For each item of the PFS-16 and its total score, statistics regarding data quality and acceptability were calculated. These statistics included the percentage of computable scale scores, mean, median, standard deviation, skewness, minimum and maximum values, and floor and ceiling effects. To consider data quality and acceptability satisfactory, missing data should comprise <5% of the data set,44 all possible scores should be observed in the sample, the mean and median of the scale total score should be close (difference of <10% of maximum possible score),45 floor and ceiling effect should be <15%,46 and the skewness values for both items and total score should range from −1 to +1.47

An exploratory factor analysis based on polychoric correlations (due to the non-normality of data according to Mardia’s test) and robust unweighted least squares for factor extraction was performed. Bartlett’s sphericity test and Kaiser-Meyer-Olkin statistic were applied to determine the sample adequacy. In addition, an optimal implementation of parallel analysis for determining the number of dimensions was carried out.
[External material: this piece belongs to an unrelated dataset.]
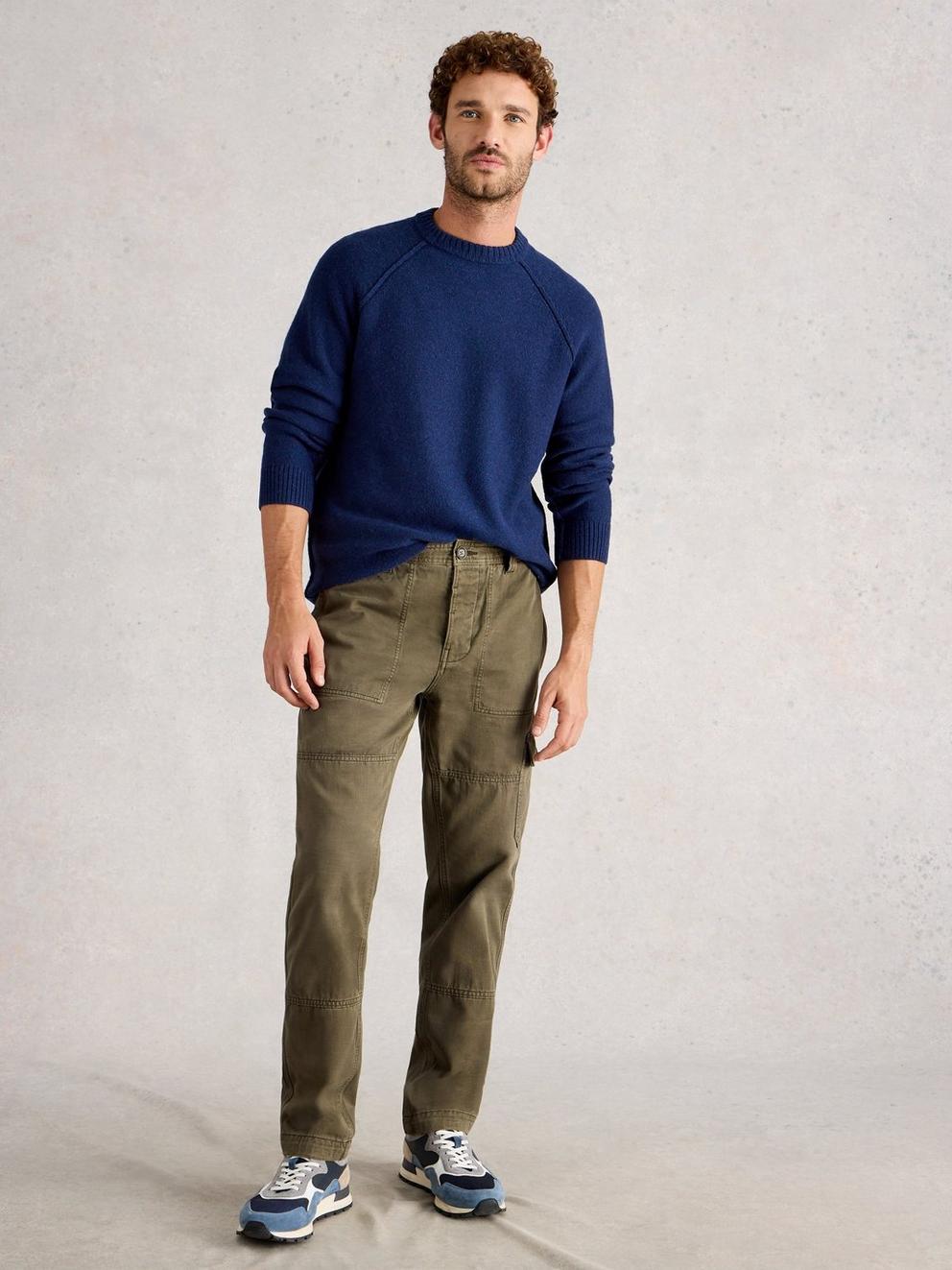Kemble Cargo Trouser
Using Cronbach’s alpha, corrected item-total correlation, and item homogeneity, internal consistency was analyzed. Standard values used for these statistics are: Cronbach’s alpha >0.70,48 corrected item-total correlation ≥0.30,47 and item homogeneity coefficient ≥0.15.49

Convergent validity of the PFS-16 total score with the domains and total scores of the other instruments used in this study was assessed using Spearman’s rank correlation coefficients (rS). Coefficient values of 0.30 to 0.59 were deemed moderate correlations, and values ≥0.60 were deemed high correlations.50

To analyze the differences between groups of sex, age, time from diagnosis, HY stage, and CGI-S in reference to PFS-16 total score, Mann-Whitney and Kruskal-Wallis tests were applied. Significant differences were determined using the magnitude of difference and p-values.51

PFS-16 responsiveness was analyzed using data from baseline and follow-up 6±0.5 months later. The magnitude of difference, relative change (percentage of change), standard error of the difference (),52 and effect size for paired samples data53 were applied. Cohen’s d of 0.20–0.49, 0.50–0.79, and ≥80 were considered weak, moderate, and strong, respectively.54 The relationship between changes in PFS-16 total score and the total scores of the other instruments utilized in this study were assessed using Spearman’s rank correlation coefficients.
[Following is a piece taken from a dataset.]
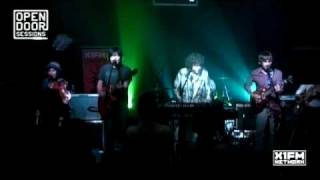 X1FM Open Door Sessions  Dusty Rhodes and the River Band   Magic Words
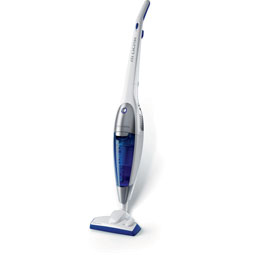 Electrolux Energica 203 Aspirapolvere elettrica HEPA Senza sacchetto 1600 W Blu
This data analysis was carried out according to the Consensus‐based standards for the selection of health measurement instruments (COSMIN)55,56 using IBM SPSS (Version 24).


The baseline characteristics of the sample are described in Table 1. In Table 2, the descriptive statistics for the applied measures are summarized.
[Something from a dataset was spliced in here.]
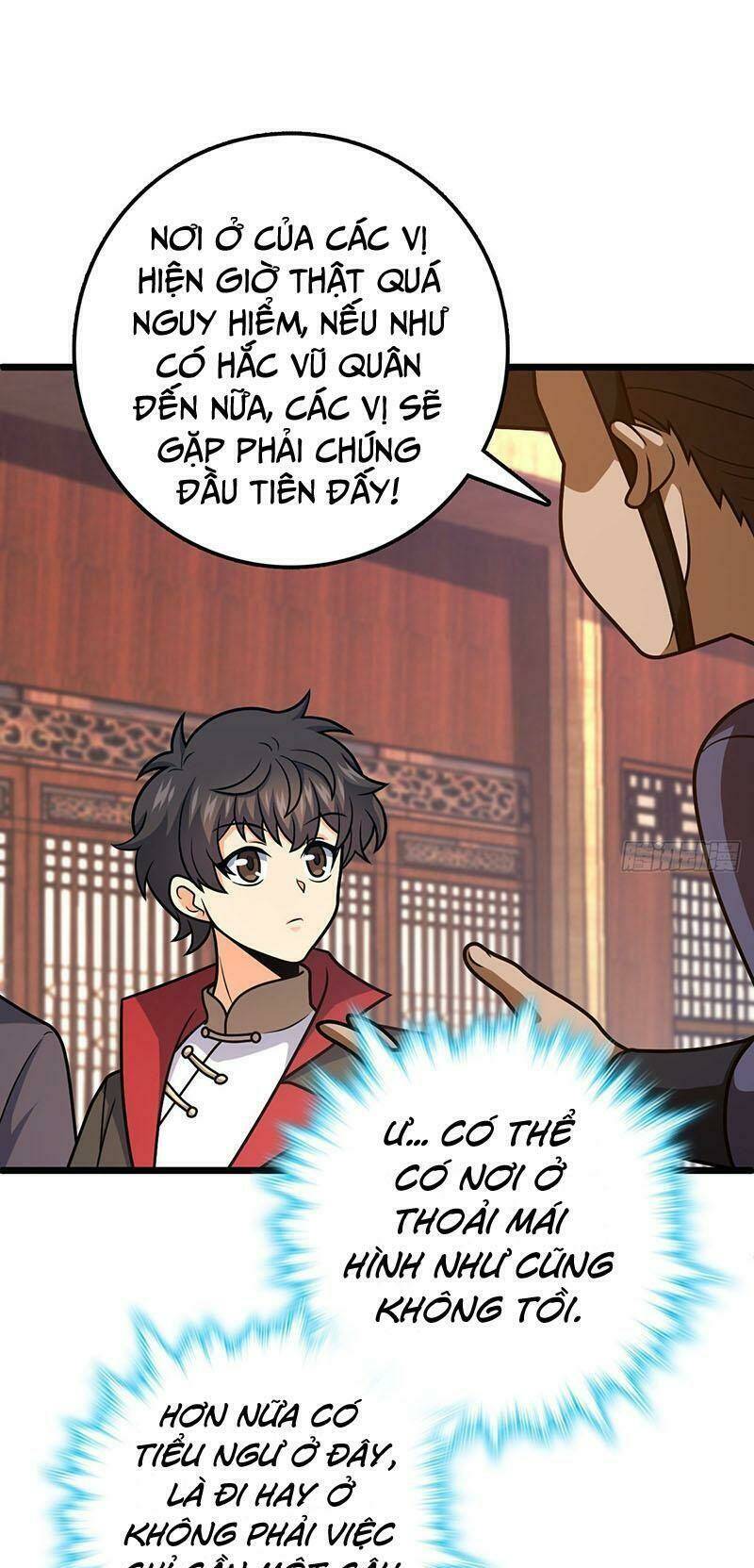 Đại Vương Tha Mạng Chapter 514 - Trang 2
Table 1 Clinical and socio-demographic characteristics of patients at baseline

Table 2 Descriptive statistics of measures in the study

Two patients (3.3%) were excluded from the analysis due to a lack of responses on the PFS-16; the reasons for this lack of response are unknown. In the remaining sample, 0.31% of the data was missing, but these values were imputed using the mean of the patient’s observed values. Disregarding PFS-16 item 3, in which no patient chose a score of 1, all possible scores were observed in the sample. Item standard deviation ranged from 0.82 to 1.31, floor effects stayed within the standard range for all items, and there were moderate-to-high ceiling effects for most items. Almost all values remained within the accepted range of skewness or were marginally outside (up to an excess of |0.55| points). The PFS-16 total score had a mean and standard deviation of 58.71±12.43, a median of 61.0, a range of 18 to 78, negligible floor and ceiling effects of 1.7% each, and skewness of −0.84 (Table 3).

Table 3 Acceptability data of the Parkinson’s Fatigue Scale

The exploratory factor analysis showed two factors explaining 67% of the variance (Bartlett’s statistic, p=0.00001; Kaiser-Meyer-Olkin test =0.87). The first factor (57.7% of the variance) of the unrotated matrix included all items of the scale, with loads ≥0.58, and the parallel analysis advised considering only one dimension.

Cronbach’s alpha was 0.93, and item homogeneity was 0.19; both were greater than the minimum accepted values of 0.70 and 0.15, respectively. Similarly, all corrected item-total correlations were greater than the standard value of 0.30 (Table 4).

Table 4 Corrected item-total correlations

In terms of convergent validity, the PFS-16 showed a strong correlation with item 20 of the BDI-II (“tiredness or fatigue,” rS=0.65) and a moderate correlation with item 4 of the NMSS (fatigue or lack of energy, rS=0.33). Furthermore, it had moderate correlations with the BAI (rS=0.30), BDI-II (rS=0.48), and PDQ-39 summary index (rS=0.36) and a weak correlation with the AS (rS=0.26). Regarding the PDQ-39 domains, the PFS-16 had moderate correlations with social support (rS=0.31), cognitions (rS=0.35), and communication (rS=0.32) and weak ones with the rest (rS=0.10–0.29). However, the PFS-16 was not significantly correlated with the other measures in the study, including LEDD (Table 5). When considering groups categorized by age (≤60, 61–70, ≥71 years), sex, marital status, education level, time from diagnosis (<10, 10–15, >15 years), HY, and CGI-S, there were no significant differences in PFS-16 total score among them. There was a significant difference between retired patients (79%) and the combination of other employment status (21%; Table 1): 56.74±12.46 vs 66.25±9.28 (Mann-Whitney test, p=0.01).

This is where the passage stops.